Tasks At Work: Comparative Advantage, Technology and Labor Demand
Source: https://www.semanticscholar.org/paper/dc0b124086a988374d6aa71ff1fb07393f1f4bbb ↗
Full text: open-access via OpenAlex ↗
Acemoglu and Restrepo's task-based framework offers the most rigorous economic lens for understanding how AI reshapes work — not just which jobs disappear, but how comparative advantage shifts between humans and machines at the granular level of tasks.
The paper moves beyond automation anxiety to show how new technologies create new tasks even as they automate old ones, providing product directors with a more nuanced view of how AI tools change team dynamics and organizational structure.
This is essential reading for anyone building AI products: it explains why the 'AI will replace everything' narrative is wrong while showing exactly where human-machine collaboration creates value.
The framework helps product people think systematically about which capabilities to automate and which to augment, grounded in rigorous economic theory rather than speculation.
Central argument
Acemoglu, Kong, and Restrepo argue that the standard economic model—which treats all technology as uniformly 'augmenting' labor or capital—is too blunt to explain observed labor market trends.

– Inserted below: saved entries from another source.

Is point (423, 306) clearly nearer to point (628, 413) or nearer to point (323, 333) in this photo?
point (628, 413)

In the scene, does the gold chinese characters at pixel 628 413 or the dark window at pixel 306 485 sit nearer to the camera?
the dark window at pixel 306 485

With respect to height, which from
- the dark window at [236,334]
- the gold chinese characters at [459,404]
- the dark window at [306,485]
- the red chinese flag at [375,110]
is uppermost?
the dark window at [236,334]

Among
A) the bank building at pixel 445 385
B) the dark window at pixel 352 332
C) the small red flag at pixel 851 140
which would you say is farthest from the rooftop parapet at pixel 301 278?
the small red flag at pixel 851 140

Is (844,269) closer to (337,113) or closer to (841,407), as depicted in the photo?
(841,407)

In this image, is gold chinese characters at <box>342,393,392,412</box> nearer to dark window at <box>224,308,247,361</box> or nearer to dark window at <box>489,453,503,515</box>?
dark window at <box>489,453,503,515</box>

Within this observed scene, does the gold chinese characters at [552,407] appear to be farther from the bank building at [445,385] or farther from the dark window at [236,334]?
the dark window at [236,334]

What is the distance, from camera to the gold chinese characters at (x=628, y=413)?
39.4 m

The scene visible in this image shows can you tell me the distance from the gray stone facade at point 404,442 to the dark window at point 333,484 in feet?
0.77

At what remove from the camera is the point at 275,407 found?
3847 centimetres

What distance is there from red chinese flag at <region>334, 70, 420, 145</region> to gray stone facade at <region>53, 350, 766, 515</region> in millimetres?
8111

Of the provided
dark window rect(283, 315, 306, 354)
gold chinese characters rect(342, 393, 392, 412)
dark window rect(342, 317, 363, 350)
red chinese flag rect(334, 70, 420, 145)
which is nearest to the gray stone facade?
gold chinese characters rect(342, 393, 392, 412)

They propose a task-based framework where production requires completing discrete tasks assigned to workers or capital according to comparative advantage, and where four distinct types of technological change (labor-augmenting, capital-augmenting, automation, and new task creation) have fundamentally different effects on wages, labor share, and productivity. The central finding is that automation consistently reduces labor's share of income and can depress real wages, while technologies that create genuinely new tasks for workers raise wages and labor share—making the distinction between these two modes of technological change empirically and strategically decisive.
Critique
The framework's analytical power depends on cleanly categorizing technologies as either automating existing tasks or creating new ones, but in practice—especially with AI—a single technology often does both simultaneously and in ways that shift over time, making the taxonomy difficult to apply ex ante. The paper focuses heavily on aggregate labor market outcomes (wages, employment shares, factor shares) derived from historical data, which means it offers limited guidance on how firms or product leaders should anticipate which category an emerging technology will fall into before its effects are visible in the data. This retrospective orientation is a genuine limitation for decision-makers who need forward-looking frameworks.

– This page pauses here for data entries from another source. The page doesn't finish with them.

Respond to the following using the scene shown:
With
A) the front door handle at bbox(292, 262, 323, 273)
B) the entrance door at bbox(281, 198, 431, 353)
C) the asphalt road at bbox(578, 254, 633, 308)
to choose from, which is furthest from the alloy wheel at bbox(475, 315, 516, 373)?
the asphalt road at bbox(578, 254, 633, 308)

Why it matters for product
For a CPO, the paper's core distinction—automation displaces and depresses value for workers, while new task creation raises it—directly maps onto how AI capabilities should be deployed within product teams: using AI to replace existing analyst, researcher, or designer tasks shrinks the value those roles generate, whereas using AI to enable genuinely new workflows (e.g., continuous experimentation at a scale previously impossible) expands it. The concept of 'ripple effects' through a propagation matrix is also relevant to org design: automating one role's tasks doesn't affect only that role but redistributes demand across adjacent functions in ways that compound, meaning decisions about AI tooling for one team (e.g., engineering) will structurally reshape demand for adjacent roles (e.g., QA, product ops) in ways that require deliberate anticipation rather than reactive headcount decisions.